The court finds plaintiff's position convincing. Based on the fact that the spalled joints were spread intermittently throughout the project, the court cannot conceive of a method of distinguishing between those costs solely incurred as a result of the government’s defective specifications and those only covered by the original bid which would be both credible and reasonable. An additional factor which forces the court to award the total cost figure is the government’s failure to contest effectively plaintiff’s alternative damage figures. See Cunha cross examination, October 16, 1990, Transcript at 397-99; Defendant’s Response to Plaintiff’s Post Trial Brief, filed December 14, 1990. Although the court recognizes that it is not preferable for a contractor to make an amendment to a damages claim at the time of trial, the court is satisfied, based on the testimony of Mr. Cunha, that this particular amendment is meritorious and justified by the factual difficulties.10

CONCLUSION

For the reasons set forth above, the court dismisses defendant’s counterclaim and directs judgment for plaintiff in the amount of Seventy Seven Thousand, One Hundred Forty Dollars ($77,140.00), together with interest thereon from April 5, 1988. Interest is to be computed according to the Contracts Disputes Act, 41 U.S.C. § 611 (1988). Plaintiff will have sixty days from the issuance of this opinion to file, if it so elects, an application for attorney fees and expenses under the Equal Access to Justice Act. 28 U.S.C. § 2412(d)(1)(B) (Supp.1991).

IT IS SO ORDERED.

. The solicitation also called for the replacement of certain concrete slabs. Only the sealant portion of the contract, however, is relevant to this dispute.

. Gowen Field was built during World War II. Portions of the aircraft apron first laid in the 1940s are still used today. The original slabs measure 12lA by 12'A feet. The newer slabs measure 25 by 25 feet.

. Spalling refers to "loose, broken or otherwise deteriorated concrete immediately adjacent to the joints.” Specification Section 02501, paragraph 3.3.3.

. At trial, Lieutenant James M. Heuring, the CO’s representative on the apron project, admitted that up to thirty to forty percent of the joints on the old 12‘/2 by 121/2 foot slabs were spalled. Very few of the 25 by 25 foot slab joints were spalled.

. Concrete Placing justifies its purchase of the CT-2 before obtaining authorization from the CO by pointing out that the contract had a liquidated damages clause tied to the date of contract completion.

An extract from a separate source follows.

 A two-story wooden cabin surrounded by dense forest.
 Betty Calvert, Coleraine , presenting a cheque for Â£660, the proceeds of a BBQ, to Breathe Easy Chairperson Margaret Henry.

. Bond breaker tape, a two-sided adhesive tape similar to masking tape, and backer rod, a flexible, cylindrical foam rubber-like material, were placed in badly spalled joints at the direction of the government in order to create a bottom surface in the joint upon which sealant could be applied. Bond breaker tape and backer rod was placed in many joints in an attempt to prevent sealant from seeping below the concrete slabs. The evidence showed, however, that both the bond breaker tape and the backer rod were not very effective. This was so because sealant seeped around these materials. In several areas it pushed them up to the joint surface.

. Due to three excusable delays, actual performance spanned 144 days. Modification Nos. 2 and 7 each extended contract performance time by 7 days. Modification No. 5 extended performance by an additional 10 days.

. The specifications provided that "the existing joint sealer material shall be completely (100%) removed ... down to a minimum depth of one (1) inch below the concrete slab surface____" Specification No. 84001, TPl-03(3)(b)(2). Concrete Placing alleged, and the evidence showed, that in order for new sealant to be effective (whether it be CT-2 or any other sealant) the old sealant had to be completely removed first. In many if not most of the joints, this meant removing old sealant well below the one inch depth the specifications required.

. Just because plaintiff has submitted an actual cost figure, however, does not necessarily compel the conclusion that this figure is the most accurate reflection of the damages plaintiff incurred.

. The court notes that it is permissible for a contractor to amend its damage claim at the time of trial. See J.F. Shea Co., 4 Cl.Ct. at 55.